Addressing Bullying and Cyberbullying

By Elizabeth Englander, Ph.D.
March 26, 2012 - Last updated: April 18, 2012

Those in clinical practice today can play a significant role in preventing and addressing bullying and cyberbullying. However, it’s important to keep in mind a few key points when dealing with these behaviors.

Bullying today is about minor, repetitive social cruelty – so don’t expect to hear about dramatic violence. Many adults conceptualize bullying as a largely physical behavior, but that is not what is dominating the bullying landscape today.

In 2010 and 2011, researchers at the Massachusetts Aggression Reduction Center (MARC) found that it was the “gateway behaviors” that were by far the most frequent in victim reports. These rude, insolent acts – such a eye rolling, pointedly whispering in front of others, or snickering – usually do not break any specific rules and in isolation may have limited impact. But their repeated use normalizes disrespect or even rewards it and may be cumulatively devastating for targets.

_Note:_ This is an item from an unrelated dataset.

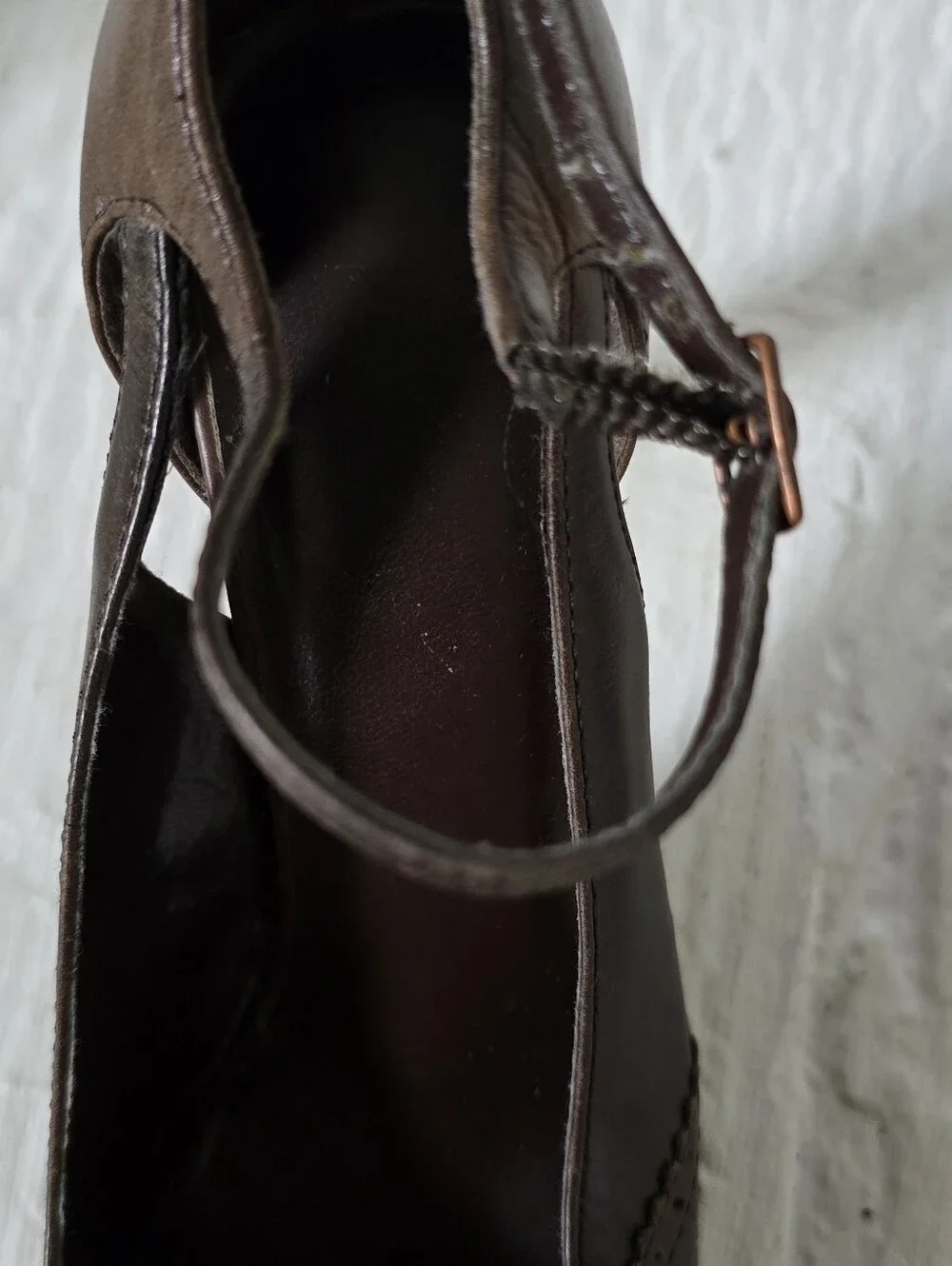 Classic Brown Leather Mary Jane Heels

You can still talk with young patients about cyber-issues that you may not feel you fully understand. Avoiding cyber-problems is not just about technical knowledge; it is also about maturity and common sense. Adults need to ask children about their social experiences online. Allow your patients to explain their experiences to you. Even if you feel less proficient in cyberspace, you can be loud and clear about the absolute necessity to watch what one says, whatever the format, and to remain civil to others at all times.

Take parental reports of bullying problems seriously and ask detailed questions. A report of bullying can mean many things. Parents sometimes view incidents as bullying even when the child in question does not. At other times, children may misinterpret accidents or unintentional behaviors as deliberate bullying.

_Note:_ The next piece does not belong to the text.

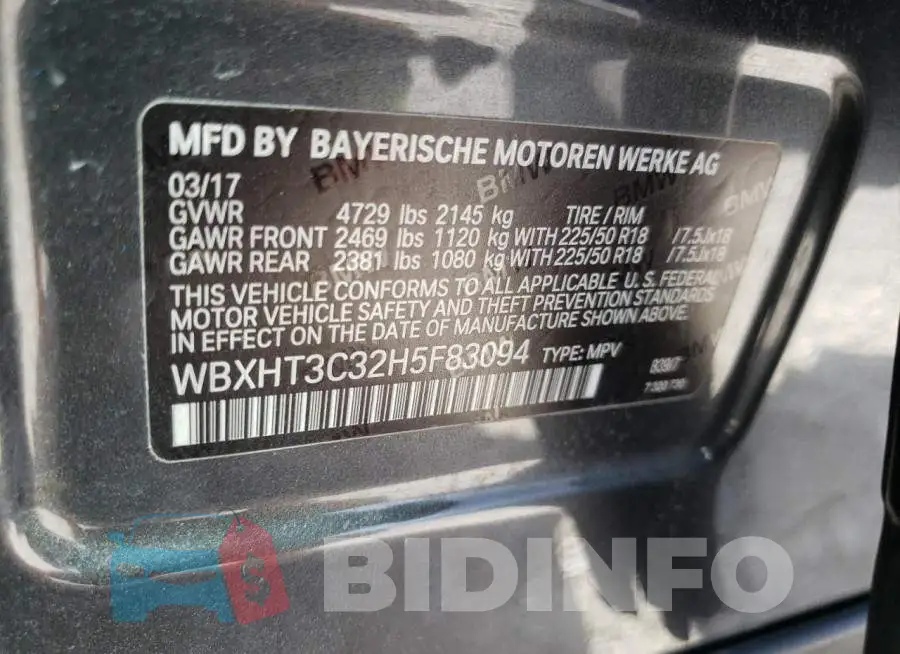 WBXHT3C32H5F83094 Photo# 10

Both children and adults may be motivated to view social problems as bullying, since in bullying situations the target is completely innocent. Sometimes bullies themselves are targets or portray themselves as targets. It’s important to be aware of these tendencies and to consider asking patients to walk you through reported incidents. If a situation is clearly not bullying, then it is an opportunity for education.

Regardless, the appropriate action is to focus on resolving the social problem – not to debate the appropriate label. Plant the idea that some situations require verbal talking, either on the phone or face-to-face.

Children today tend to assume that using digital communications is always appropriate, and their lack of life experience means that they often fail to consider if there are times when face-to-face contact is more appropriate. Not only does texting lack the nonverbal cues so important in some conversations, but it may actually escalate emotional situations. Children are unlikely to realize these facts independently and they need to be coached to think about situations where talking might be the best way to relate to others.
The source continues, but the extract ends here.